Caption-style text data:

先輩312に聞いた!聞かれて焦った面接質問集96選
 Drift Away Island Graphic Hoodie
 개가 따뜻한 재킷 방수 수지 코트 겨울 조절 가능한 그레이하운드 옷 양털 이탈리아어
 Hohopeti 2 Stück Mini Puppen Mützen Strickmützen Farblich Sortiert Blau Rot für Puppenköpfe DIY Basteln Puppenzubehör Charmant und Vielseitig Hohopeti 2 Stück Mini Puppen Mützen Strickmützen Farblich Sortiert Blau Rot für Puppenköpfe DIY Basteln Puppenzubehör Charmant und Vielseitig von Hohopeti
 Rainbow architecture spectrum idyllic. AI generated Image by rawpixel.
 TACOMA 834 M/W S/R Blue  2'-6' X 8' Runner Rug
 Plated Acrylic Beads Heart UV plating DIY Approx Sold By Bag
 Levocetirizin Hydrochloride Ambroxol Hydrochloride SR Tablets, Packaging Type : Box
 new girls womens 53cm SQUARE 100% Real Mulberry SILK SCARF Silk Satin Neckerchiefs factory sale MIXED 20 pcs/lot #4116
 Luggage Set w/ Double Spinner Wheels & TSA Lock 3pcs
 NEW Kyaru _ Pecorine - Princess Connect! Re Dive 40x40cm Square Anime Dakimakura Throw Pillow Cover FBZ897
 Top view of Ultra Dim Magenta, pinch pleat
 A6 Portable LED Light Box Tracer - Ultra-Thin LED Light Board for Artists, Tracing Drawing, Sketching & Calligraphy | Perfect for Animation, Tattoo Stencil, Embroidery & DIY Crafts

* **Required work**
Output, from the data above, the lines from the line with "Vielseitig von Hohopeti" to the line with "Luggage Set w/" exactly as they stand, both ends included and nothing else.

* **Answer box**
 Hohopeti 2 Stück Mini Puppen Mützen Strickmützen Farblich Sortiert Blau Rot für Puppenköpfe DIY Basteln Puppenzubehör Charmant und Vielseitig Hohopeti 2 Stück Mini Puppen Mützen Strickmützen Farblich Sortiert Blau Rot für Puppenköpfe DIY Basteln Puppenzubehör Charmant und Vielseitig von Hohopeti
 Rainbow architecture spectrum idyllic. AI generated Image by rawpixel.
 TACOMA 834 M/W S/R Blue  2'-6' X 8' Runner Rug
 Plated Acrylic Beads Heart UV plating DIY Approx Sold By Bag
 Levocetirizin Hydrochloride Ambroxol Hydrochloride SR Tablets, Packaging Type : Box
 new girls womens 53cm SQUARE 100% Real Mulberry SILK SCARF Silk Satin Neckerchiefs factory sale MIXED 20 pcs/lot #4116
 Luggage Set w/ Double Spinner Wheels & TSA Lock 3pcs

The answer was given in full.